The Long Game (The Fixer #2)(34)
“Tess.” Ivy’s voice was hoarse. “What are you doing up?”
“I could ask you the same thing,” I said. When she didn’t reply, it occurred to me that she might have gotten news.
Bad news.
“The president—” I started to say.
“No change in his condition.” Ivy’s voice was emotionless. “They’re not sure when he’ll wake up.”
Or if he’ll wake up. My brain supplied the words that Ivy wouldn’t say.
“Vice President Hayden was sworn in as acting president.” Ivy’s tone never changed. “Senza Nome has claimed responsibility for the attack.”
I crossed the room and sat down next to her. “You’re going to see the terrorist they arrested, aren’t you?” I asked quietly. “Daniela Nicolae. You’re going to find out what she knows about the attack.”

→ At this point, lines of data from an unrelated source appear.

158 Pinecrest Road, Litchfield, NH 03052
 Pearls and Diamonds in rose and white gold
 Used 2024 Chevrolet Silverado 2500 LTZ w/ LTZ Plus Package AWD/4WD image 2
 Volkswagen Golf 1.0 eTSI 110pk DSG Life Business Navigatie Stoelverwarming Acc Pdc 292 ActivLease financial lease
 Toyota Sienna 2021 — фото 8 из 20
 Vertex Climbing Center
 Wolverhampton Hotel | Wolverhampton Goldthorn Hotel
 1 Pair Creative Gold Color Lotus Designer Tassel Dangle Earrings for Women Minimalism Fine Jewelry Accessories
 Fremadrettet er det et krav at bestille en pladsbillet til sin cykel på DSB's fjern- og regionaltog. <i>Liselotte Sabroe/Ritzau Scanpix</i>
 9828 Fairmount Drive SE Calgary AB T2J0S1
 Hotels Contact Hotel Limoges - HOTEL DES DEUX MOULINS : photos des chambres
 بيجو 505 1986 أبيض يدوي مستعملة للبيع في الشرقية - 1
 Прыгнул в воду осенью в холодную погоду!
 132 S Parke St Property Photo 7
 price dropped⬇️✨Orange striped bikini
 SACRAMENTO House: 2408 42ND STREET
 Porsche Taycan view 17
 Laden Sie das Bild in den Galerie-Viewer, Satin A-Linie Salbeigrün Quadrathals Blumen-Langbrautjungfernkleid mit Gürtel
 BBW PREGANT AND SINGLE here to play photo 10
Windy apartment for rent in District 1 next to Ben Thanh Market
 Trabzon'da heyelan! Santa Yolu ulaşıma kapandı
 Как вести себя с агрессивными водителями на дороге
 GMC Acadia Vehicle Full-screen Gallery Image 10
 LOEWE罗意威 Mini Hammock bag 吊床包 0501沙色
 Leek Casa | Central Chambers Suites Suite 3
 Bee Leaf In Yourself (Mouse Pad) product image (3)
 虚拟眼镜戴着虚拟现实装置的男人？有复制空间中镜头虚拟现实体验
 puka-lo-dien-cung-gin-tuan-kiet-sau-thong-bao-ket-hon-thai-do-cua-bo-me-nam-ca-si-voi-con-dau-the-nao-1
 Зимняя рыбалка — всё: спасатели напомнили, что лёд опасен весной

I knew Ivy. She couldn’t make the president wake up. But she could hunt down every single person involved in this assassination attempt. Whatever she had to do to get in a room with Nicolae, to interrogate her about Senza Nome—Ivy would do it.
“Tessie—” Ivy broke off, unable to say more than my name.
I wanted to tell her that it was okay. I wanted to tell her that I understood that there were some things she couldn’t tell me. I wanted it not to matter.
But it did.
It always would, with Ivy and me.
“Do you think Walker told Daniela something without realizing it?” I asked, throwing the question out into the void. “Do you think the president’s son is the reason Senza Nome was able to pull off this attack?”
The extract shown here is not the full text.